1. Field of the Invention
The present invention relates to media content and more specifically to a system and method for indexing, searching within and retrieving media content and including a textual analysis of the media content to the user.
2. Introduction
Those who frequently use the Internet are familiar with search engines such as Google® and Yahoo®. Search engines have proven highly useful in taking a text query from a user and searching within web pages to retrieve related information containing the queried text. The nature of web pages allows their text content to be easily searched. While this is valuable, it is also limiting, because it excludes a host of media from being searched. The content of media presentations such as motion pictures, songs, and printed publications are not searchable in their original form.
As the body of motion pictures, songs, books, and other works expands, so does the body of well-known lines and phrases from these works. Lines like, “I am your father,” or “a three-hour tour,” or “It was the best of times, it was the worst of times,” are recognized almost universally as lines from the films, songs, or books that made them famous. They are often quoted and imitated in other media presentations, becoming incorporated into popular idioms and expressions. Many people may remember a movie or a song by such a phrase where they may forget the movie's title or the actors in the movie.

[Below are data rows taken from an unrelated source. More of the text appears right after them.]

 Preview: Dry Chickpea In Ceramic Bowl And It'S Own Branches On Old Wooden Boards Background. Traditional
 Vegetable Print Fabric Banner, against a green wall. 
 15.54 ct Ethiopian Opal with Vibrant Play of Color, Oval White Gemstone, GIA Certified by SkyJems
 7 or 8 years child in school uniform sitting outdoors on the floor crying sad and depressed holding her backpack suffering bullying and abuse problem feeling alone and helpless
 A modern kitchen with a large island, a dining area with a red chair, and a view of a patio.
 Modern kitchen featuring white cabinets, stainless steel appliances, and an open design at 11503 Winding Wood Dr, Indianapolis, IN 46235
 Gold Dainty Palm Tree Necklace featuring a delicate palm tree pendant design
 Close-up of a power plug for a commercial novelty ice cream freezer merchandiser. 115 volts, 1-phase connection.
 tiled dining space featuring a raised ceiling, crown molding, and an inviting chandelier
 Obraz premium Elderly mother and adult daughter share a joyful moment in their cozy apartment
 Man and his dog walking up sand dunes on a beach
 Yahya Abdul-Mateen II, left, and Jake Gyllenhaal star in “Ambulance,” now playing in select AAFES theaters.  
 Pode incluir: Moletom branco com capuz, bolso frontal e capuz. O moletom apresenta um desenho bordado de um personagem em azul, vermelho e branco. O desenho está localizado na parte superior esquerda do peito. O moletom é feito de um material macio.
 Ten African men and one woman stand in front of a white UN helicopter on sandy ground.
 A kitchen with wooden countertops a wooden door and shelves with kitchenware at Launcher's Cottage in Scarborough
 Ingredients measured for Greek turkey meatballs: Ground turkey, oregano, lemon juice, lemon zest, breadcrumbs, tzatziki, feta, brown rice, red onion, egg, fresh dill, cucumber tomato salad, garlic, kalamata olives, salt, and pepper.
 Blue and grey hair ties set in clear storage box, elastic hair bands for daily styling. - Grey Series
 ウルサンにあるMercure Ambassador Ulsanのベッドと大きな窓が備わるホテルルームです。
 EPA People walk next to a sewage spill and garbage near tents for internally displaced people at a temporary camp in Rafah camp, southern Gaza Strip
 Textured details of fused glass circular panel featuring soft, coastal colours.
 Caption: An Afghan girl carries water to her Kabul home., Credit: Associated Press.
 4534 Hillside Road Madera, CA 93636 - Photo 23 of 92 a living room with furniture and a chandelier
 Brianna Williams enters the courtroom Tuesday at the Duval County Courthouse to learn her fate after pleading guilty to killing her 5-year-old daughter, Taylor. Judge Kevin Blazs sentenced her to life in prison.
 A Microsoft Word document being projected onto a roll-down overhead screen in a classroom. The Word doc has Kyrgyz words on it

The origins of these phrases and their impact on language and society are topics of scholarly study. Famous lines end up changing the way a culture may communicate. The popularity of these phrases may also be utilized as a marketing tool. Often, the lasting memory of a movie, song, or book is encapsulated by just a few words in the minds of its audience.
Many media presentations are viewed, heard, read, rented, bought and sold worldwide in a great variety of formats. One highly popular format is the digital video disk (DVD). Sales of DVDs have become very popular and in some cases revenues from DVD sales outpace revenues from movie theater ticket sales. Growth and development in several areas—especially the internet—are bringing an ever wider variety of options, titles, and sources of media content to consumers. Also, a proliferation of illicit sources and media distribution methods poses a challenge to the legal owners of copyrighted works. It is desirable for content providers and copyright owners to allow consumers to search for, discover, and learn about the available media. There are numerous media presentations which are not demanded by consumers simply because consumers are not aware that they exist.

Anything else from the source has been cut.